Onco& recomenda Sites e aplicativos sobre oncologia voltados tanto para médicos, com novidades e informações sobre a área, como para pacientes, com dicas de prevenção e assistência ao doente.

Apoio na palma da mão Aplicativos para tablets e smartphones que ajudam médicos a se manter sempre atualizados e no melhor caminho para o diagnóstico e tratamento de seus pacientes Atlas do Câncer de Próstata Este aplicativo para iPhone e iPad foi desenvolvido com o patrocínio do laboratório Astellas. Pelo programa, o especialista tem acesso a uma ampla coleção de imagens médicas, que podem ser editadas, salvas no próprio aparelho, enviadas por e-mail ou até impressas, conforme a necessidade.

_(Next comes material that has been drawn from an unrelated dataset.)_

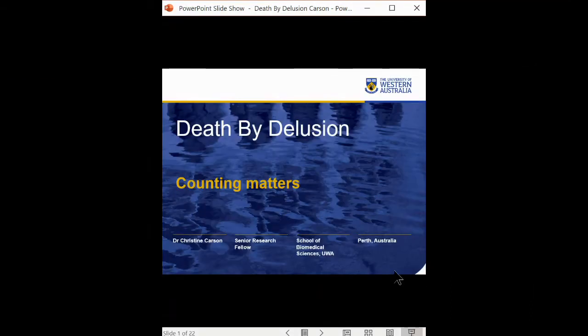It's a pleasure to be here today to speak to you about the manner in which we record episodes of antimicrobial resistant infections, including Clostridium difficile. This talk came out of a blog piece I wrote for the Longitude Prize people, entitled 'Death by Delusion' — the same title I have today. And it really makes the point that counting matters.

Por serem em alta resolução, as ilustrações podem ser utilizadas tanto para pesquisas do dia a dia como apresentações e estudos mais detalhados. Outra grande utilidade para o aplicativo é aproveitar a galeria de imagens para fazer esclarecimentos aos pacientes. O Atlas do Câncer de Próstata pode ser baixado gratuitamente na AppStore, mas para ter acesso às funcionalidades é necessário solicitar login a um representante da Astellas.

iMoc O aplicativo do famoso Manual de Oncologia Clínica do Brasil para tablets e smartphones tem, além da versão mais recente do livro, algumas funcionalidades adicionais, como a área de fórmulas médicas, que reúne uma série de calculadoras e ferramentas, e a parte de videoaulas, onde são discutidos alguns dos temas mais recentes do setor. A versão online, que tem apoio da distribuidora Oncoprod e conta com a supervisão de Antonio Carlos Buzaid e Fernando Maluf, pode ser baixada gratuitamente na AppStore.

Diálogo Roche Parte de um grupo que contempla diversas aplicações desenvolvidas pela Roche para se relacionar com o público da área de saúde, o aplicativo Diálogo Roche agrega uma série de funcionalidades, como bulário eletrônico, calculadoras avançadas e cobertura de diversos congressos e eventos. O sistema vem sendo atualizado constantemente, com a inclusão de novas funções. O download gratuito pode ser feito em tablets e smartphones com sistemas iOS e Android. Para acessar, é necessário o preenchimento de um cadastro.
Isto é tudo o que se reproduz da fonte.